How transmitters work.

[Jason]

Please forgive the pure ignorance of this question. I understand that
this is very basic stuff that I should probably know, but I have never
been to class to learn about this stuff, nor have I found any tutorials
that explain this stuff in simple everyday terms. I passed by
technician and general class amateur license exam by memorizing the
right buzzwords for this stuff, but not actually understanding the
concepts. I admit, I am ashamed of this fact. Here's what I have
gathered so far.

1. DC current flows through a crystal.
2. The resonance of the crystal causes the current to form waves around
the frequency of crystal
3. This new "pulsating" current is then amplified and then sent through
the crystal again. (This is called positive feedback)
4. The pulsating current is sent through a low-pass filter to "filter
out" unwanted frequencies. (That's why I said "around the frequency"
of the crystal)
5. From the filter, the current flows to an antenna which converts the
current to RF radiation.

Comments and help would be greatly appreciated.

 

[Andrew Holme]

Jason wrote:

1. DC current flows through a crystal.

Crystals, like capacitors, don't pass DC.

2. The resonance of the crystal causes the current to form waves
around
the frequency of crystal
3. This new "pulsating" current is then amplified and then sent
through
the crystal again. (This is called positive feedback)
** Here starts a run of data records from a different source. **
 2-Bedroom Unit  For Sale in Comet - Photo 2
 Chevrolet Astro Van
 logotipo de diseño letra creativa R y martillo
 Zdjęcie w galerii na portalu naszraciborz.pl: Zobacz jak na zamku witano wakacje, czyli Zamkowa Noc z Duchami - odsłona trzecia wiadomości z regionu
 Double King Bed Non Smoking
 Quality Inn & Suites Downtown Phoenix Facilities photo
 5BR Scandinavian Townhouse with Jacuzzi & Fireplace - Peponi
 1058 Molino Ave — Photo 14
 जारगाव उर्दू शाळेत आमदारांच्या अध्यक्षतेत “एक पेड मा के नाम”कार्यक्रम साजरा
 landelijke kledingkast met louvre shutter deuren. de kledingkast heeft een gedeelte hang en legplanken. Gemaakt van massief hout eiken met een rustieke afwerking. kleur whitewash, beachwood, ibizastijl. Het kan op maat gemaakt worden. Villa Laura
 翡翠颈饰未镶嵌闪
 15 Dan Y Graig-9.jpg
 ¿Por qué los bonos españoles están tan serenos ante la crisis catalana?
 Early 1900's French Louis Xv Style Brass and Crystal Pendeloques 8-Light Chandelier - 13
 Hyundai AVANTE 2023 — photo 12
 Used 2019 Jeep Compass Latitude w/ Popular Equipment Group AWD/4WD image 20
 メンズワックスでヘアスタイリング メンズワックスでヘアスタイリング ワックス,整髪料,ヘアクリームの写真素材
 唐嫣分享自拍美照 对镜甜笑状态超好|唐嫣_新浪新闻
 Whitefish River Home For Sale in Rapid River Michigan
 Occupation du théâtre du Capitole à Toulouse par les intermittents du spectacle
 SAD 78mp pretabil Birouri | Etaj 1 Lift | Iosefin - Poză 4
The oscillator is an amplifier with a freqyuency-selective positive
feedback network around it. Oscillation starts by amplifying noise.

4. The pulsating current is sent through a low-pass filter to "filter
out" unwanted frequencies. (That's why I said "around the frequency"
of the crystal)

The crystal is a band-pass filter not a low pass filter. A low-pass
filter is also required on the output to remove harmonics.

 

[Jason]

Thanks for all of the help. I know that I do need to find a good book
and just start from there. The problem is finding one that doesn't
require huge leaps in understanding. For example, my ARRL handbook
begins slowly enough, but then almost immediately jumps into formulas
that describe what it going on. I recently found
http://www.ibiblio.org/obp/electricCircuits/ and I hope that helps out.
I tried electronics-tutorials.com but didn't find it too useful. It
wasn't straightforward like a textbook.

Next time, I will try to make sure that my questions are a little more
intelligent.

 

[BobG]

While we're talking about transmitters, let me ask this question: Lets
say I have a video opamp that will put out +-10V at 1 MHz into 377
ohms... can I hook this to an antenna? P=E^2/R=100/377= 260mw In
other words, the 'traditional' approach of making everything 50 ohms
and using tuned class c amps is just how it was done with tubes in the
40s right? If the impedance of the antenna is 377 ohms, and I can drive
it direct, thats all it takes, right?

 

[Andrew Holme]

BobG wrote:

While we're talking about transmitters, let me ask this question:
Lets
say I have a video opamp that will put out +-10V at 1 MHz into 377
ohms... can I hook this to an antenna? P=E^2/R=100/377= 260mw In
other words, the 'traditional' approach of making everything 50 ohms
and using tuned class c amps is just how it was done with tubes in
the
40s right?

No.

If the impedance of the antenna is 377 ohms, and I can drive
it direct, thats all it takes, right?

If there is such a thing as a single-ended (unbalanced) antenna with an
impedance of 377 ohms, you could drive it direct. If not, you can
still drive it - through a matching network. Typically, though, your
transmitter is not physically located at the antenna feedpoint - it is
located at the end of a transmission line.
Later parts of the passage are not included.